──────── SUPPLIED RECORDS

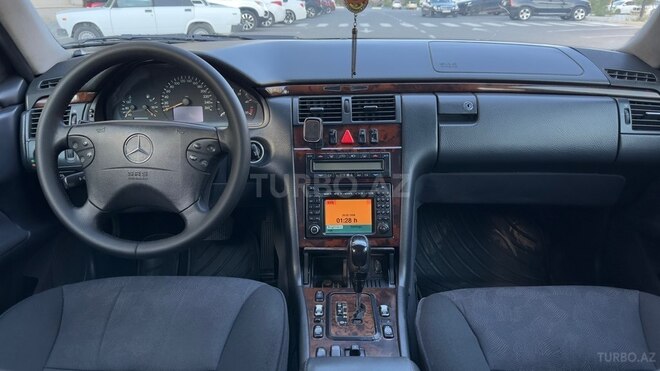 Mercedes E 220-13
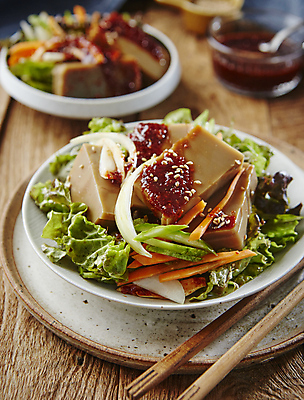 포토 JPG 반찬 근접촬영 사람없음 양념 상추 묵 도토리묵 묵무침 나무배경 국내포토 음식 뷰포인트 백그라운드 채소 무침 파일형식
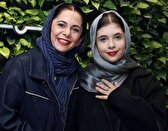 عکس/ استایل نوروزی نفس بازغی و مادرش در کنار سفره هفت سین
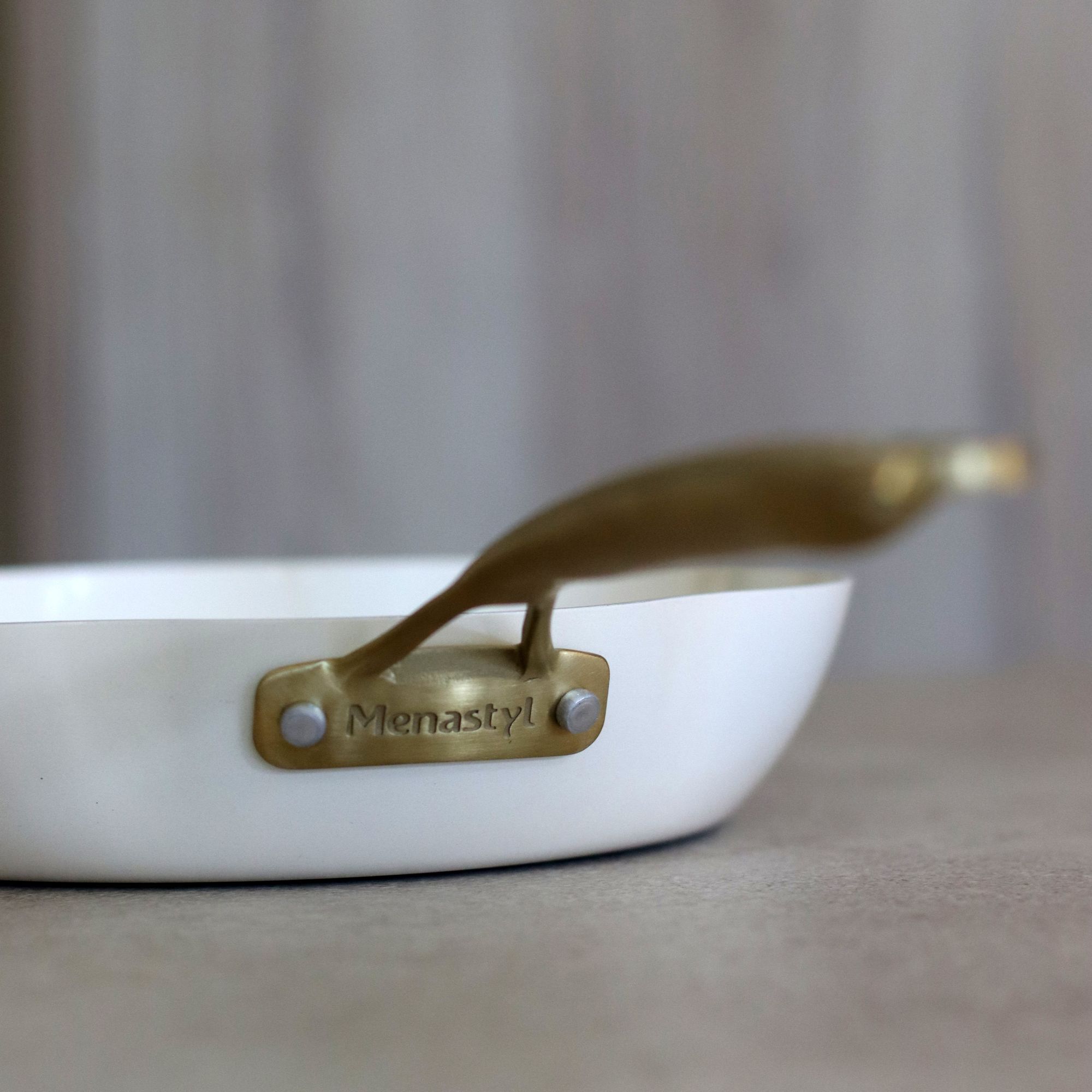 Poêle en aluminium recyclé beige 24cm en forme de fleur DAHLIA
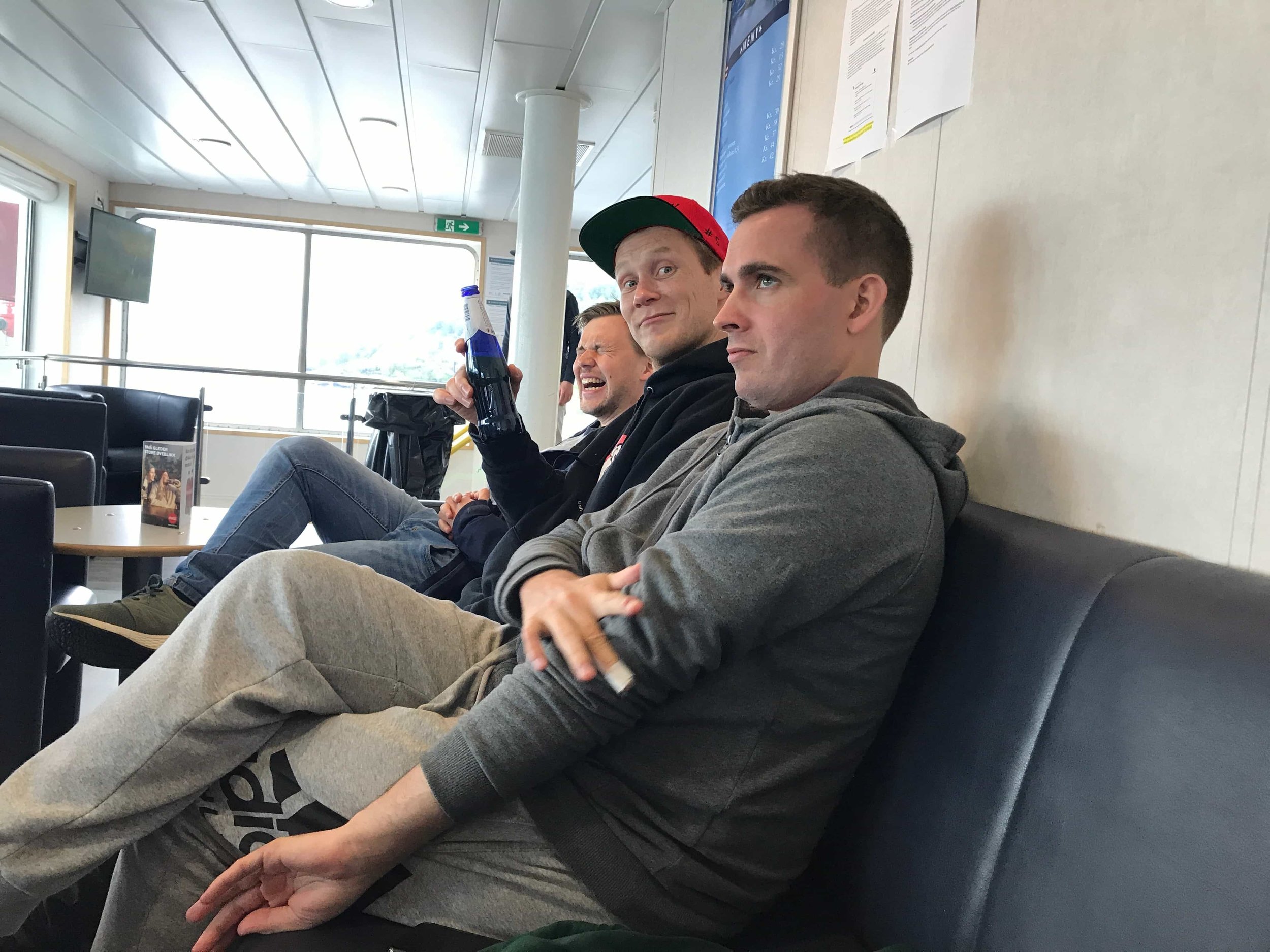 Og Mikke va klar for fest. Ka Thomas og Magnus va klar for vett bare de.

────────────────
──────── SUPPLIED RECORDS

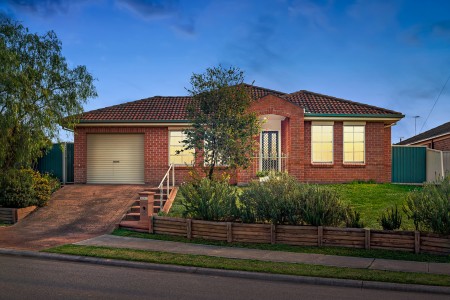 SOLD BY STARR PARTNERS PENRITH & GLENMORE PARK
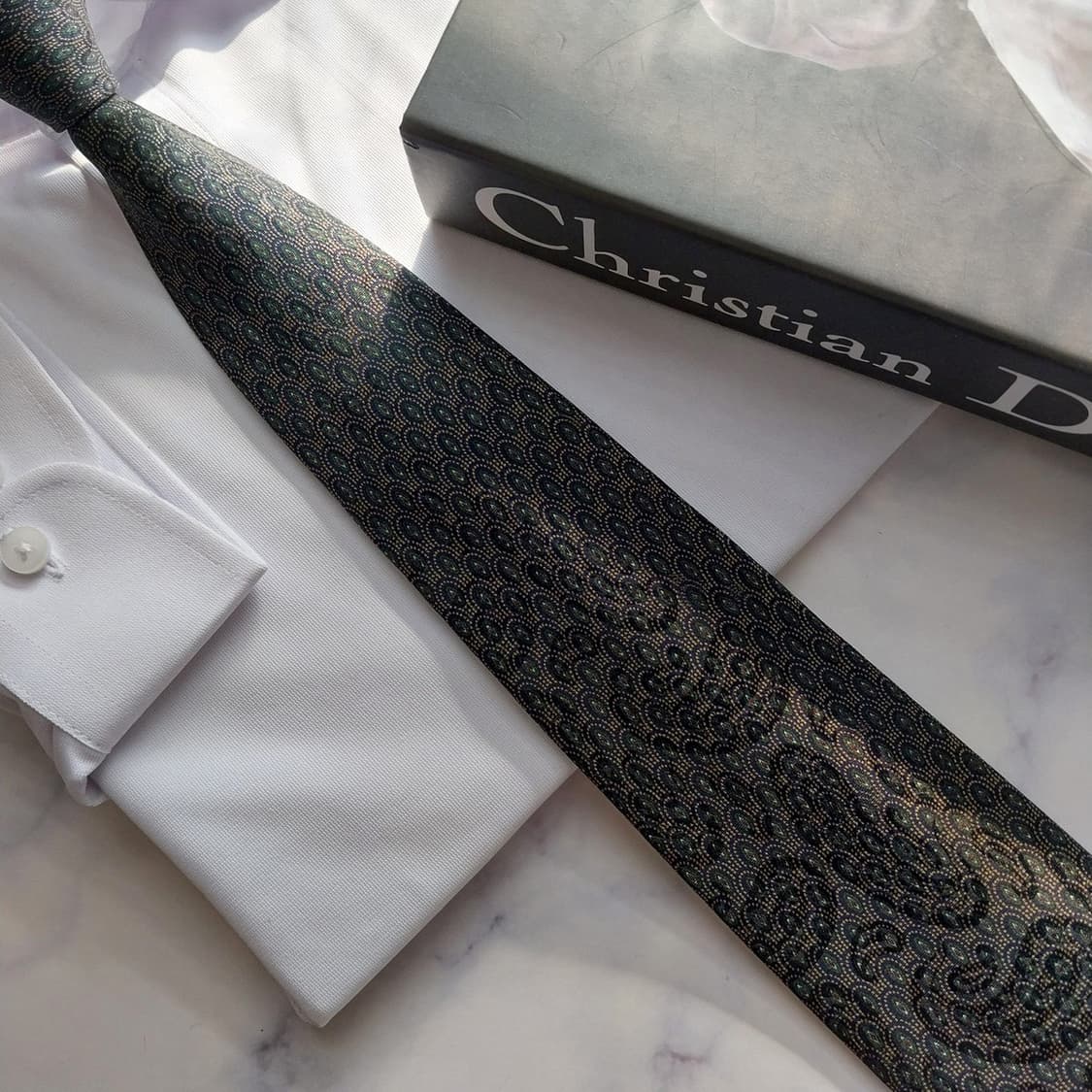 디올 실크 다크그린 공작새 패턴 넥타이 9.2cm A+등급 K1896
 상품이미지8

────────────────

TASK OBJECTIVE ->
Line for line, output the entries above from the line with "Poêle en aluminium" to the line with "Og Mikke va", both included, and nothing more. Skip pictures.

RESULT ->
 Poêle en aluminium recyclé beige 24cm en forme de fleur DAHLIA
 Og Mikke va klar for fest. Ka Thomas og Magnus va klar for vett bare de.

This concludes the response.